═══ The data ═══
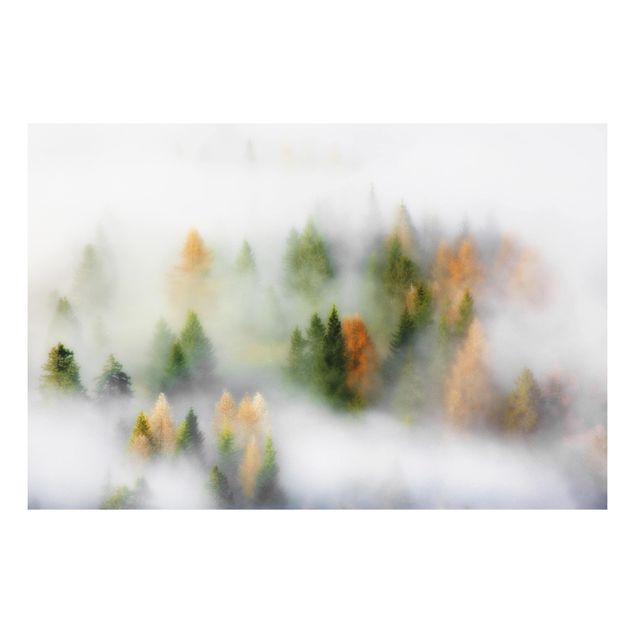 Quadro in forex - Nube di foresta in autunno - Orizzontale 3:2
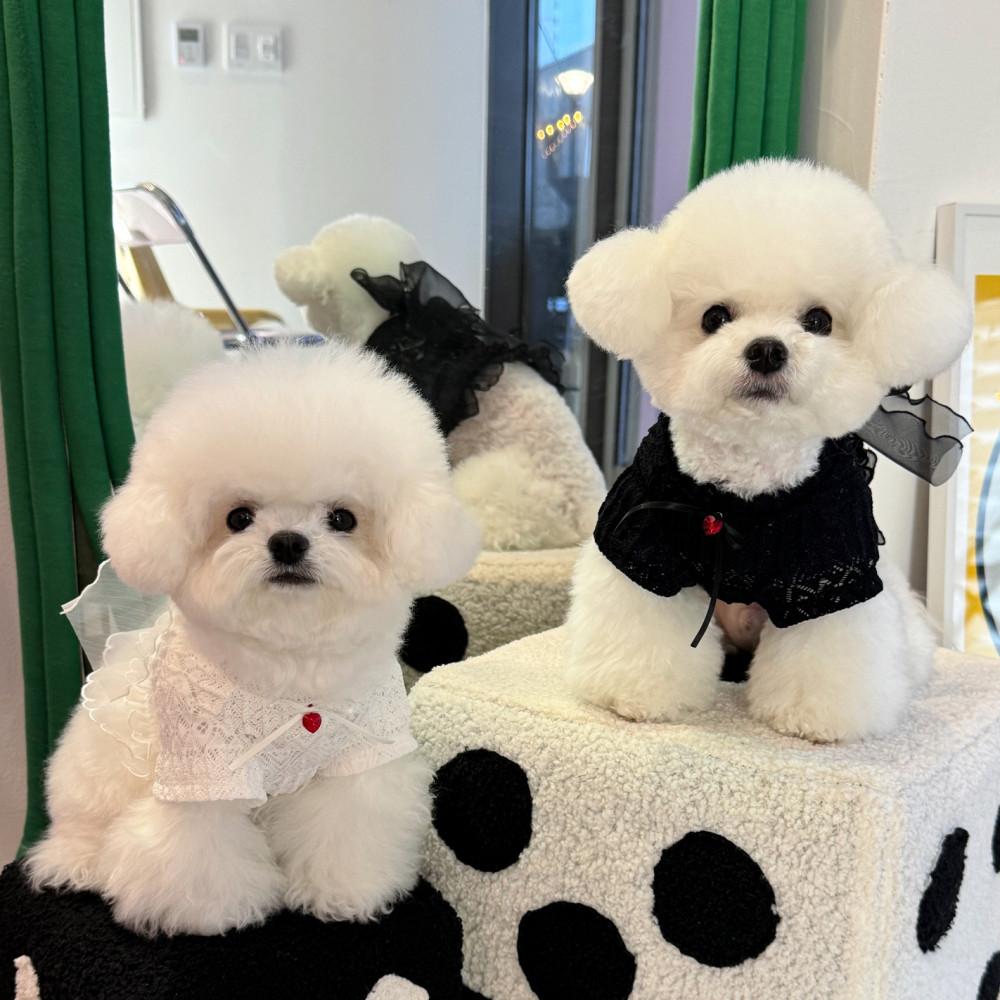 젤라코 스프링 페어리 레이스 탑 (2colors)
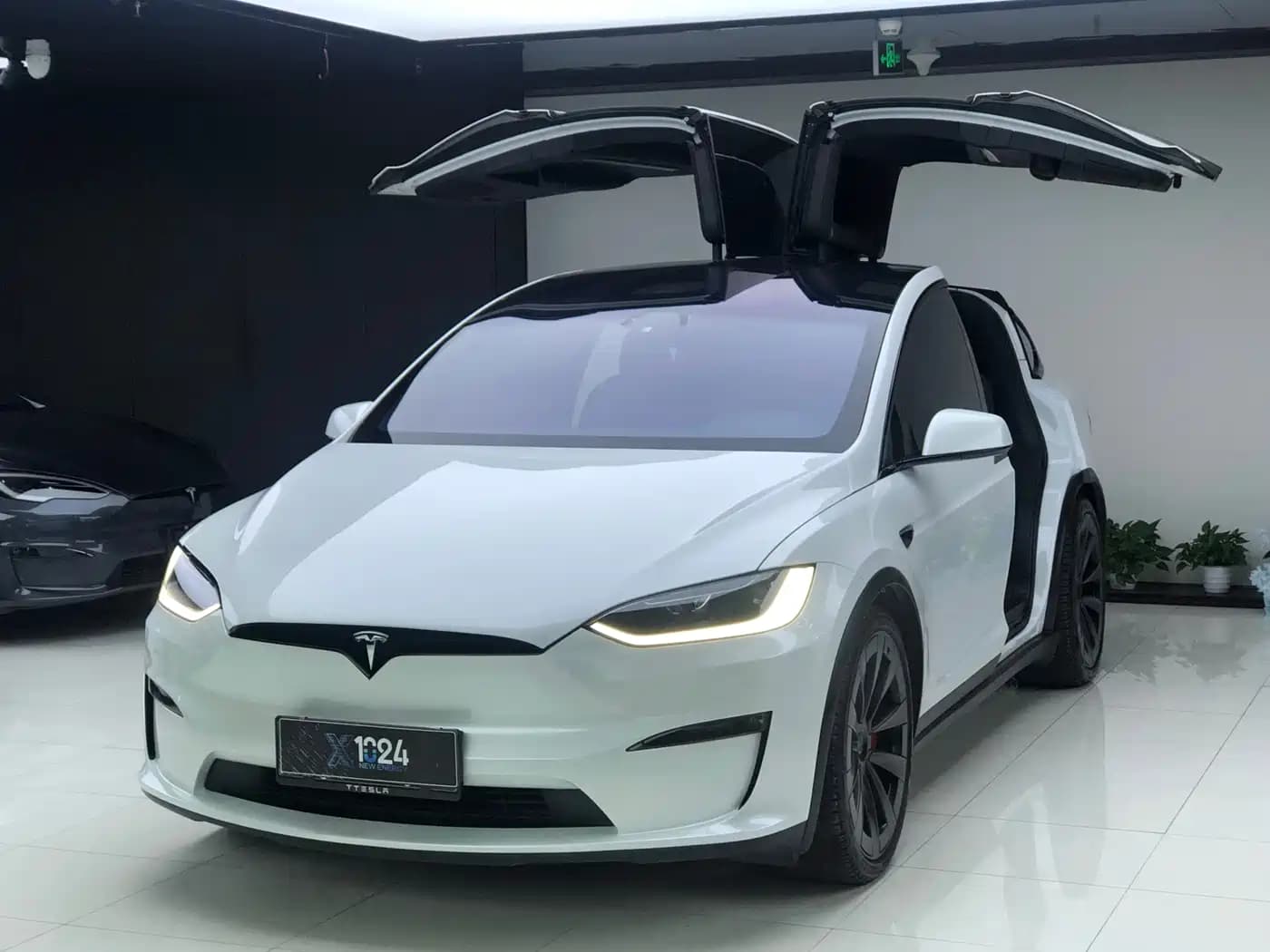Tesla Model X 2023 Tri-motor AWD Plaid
═══
Work task |
In your copy of the material, every word must match and no image should appear.

Expected output |
 Quadro in forex - Nube di foresta in autunno - Orizzontale 3:2
 젤라코 스프링 페어리 레이스 탑 (2colors)
Tesla Model X 2023 Tri-motor AWD Plaid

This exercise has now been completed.